Unwürdige Leben. (Vite indegne). – Questa è la definizione con la quale il razzismo genocidario nazista indica tutte le diversità e le fragilità che “macchiano” la purezza razziale ariana. Novant’anni fa, come oggi. Unwürdige Leben.
“Avevo avvisato il lavoratore di non avvicinarsi al mezzo, ma lui ha fatto di testa sua. Una leggerezza purtroppo.” Così Renzo, padre dell’imprenditore agricolo Antonello Lovato nella cui azienda lavorava, in qualità di schiavo invisibile, Satnam Singh che è morto senza il suo braccio.
Unwürdige Leben. Adesso il coro delle deprecazioni, dello scandalo e della pietà a buon mercato intona le sue solite litanie d’occasione, mentre tutto rimane intatto ed immutabile. Lavoro nero, sfruttamento, schiavitù di Vite non degne nemmeno di una minima assistenza. Quella stessa implorata per l’orsetto albino.

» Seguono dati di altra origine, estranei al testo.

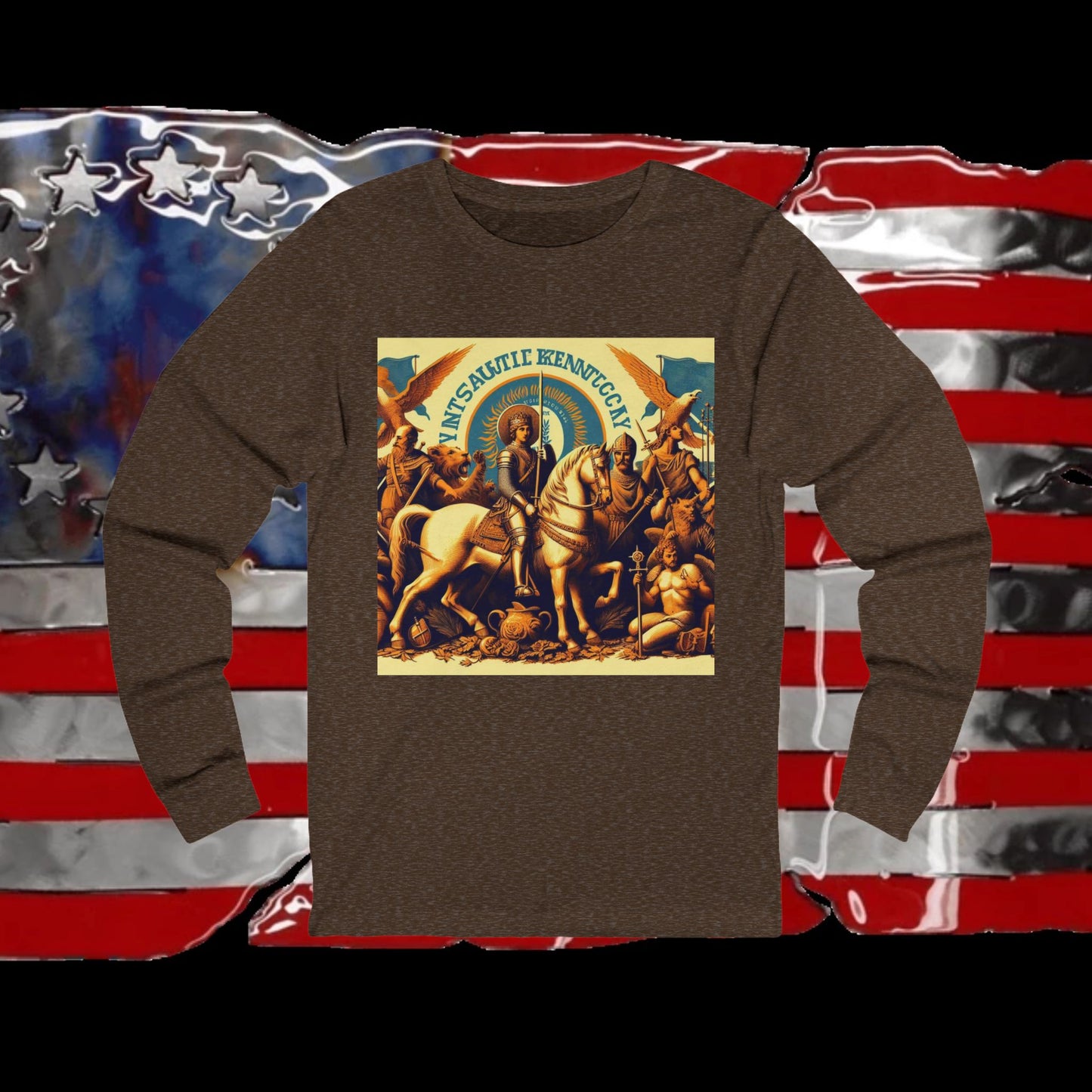 Kentucky Vintage Christian Crusader - Premium Unisex Long Sleeve Jersey Tee - 100% Charity - The God Vote Collection by Chris Rabalais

Unwürdige Leben. Figliate dal suprematismo degli slogan e dell’odio facile coniugati con l’esasperazione del profitto, le Vite indegne scompaiono dal nostro orizzonte. Non le vediamo, perché non vogliamo, indaffarati come siamo ad alzare alti lai che costano poco e si esauriscono in fretta.

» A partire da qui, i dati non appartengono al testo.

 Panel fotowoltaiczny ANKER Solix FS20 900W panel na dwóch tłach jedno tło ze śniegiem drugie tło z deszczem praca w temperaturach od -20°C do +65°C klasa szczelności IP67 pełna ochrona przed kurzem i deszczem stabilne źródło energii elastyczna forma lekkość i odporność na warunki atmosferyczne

Unwürdige Leben. Come quella di Satnam Singh e di sua moglie Sony, che ricevevano 4 euro all’ora di paga illegale. Lo hanno scaricato sull’uscio di casa, senza il suo braccio. Quello, in un impeto di vera pietà, lo hanno messo in una cassetta della frutta, buona a contenere “una leggerezza”.Unwürdige Leben. Per quel Sikh, clandestino, sfruttato e privo del diritto di morire da Uomo e non da bestia, non c’è nessun “Eterno riposo”, nessun “Kaddish”, nessuna preghiera al Creatore. Spero che il Paradiso del Guru Nanka Dev lo abbia già accolto. Anche senza il suo braccio. Chissà se ci sarà posto anche per noi, un giorno, con tutte le nostre braccia cariche solo di immensa vergogna.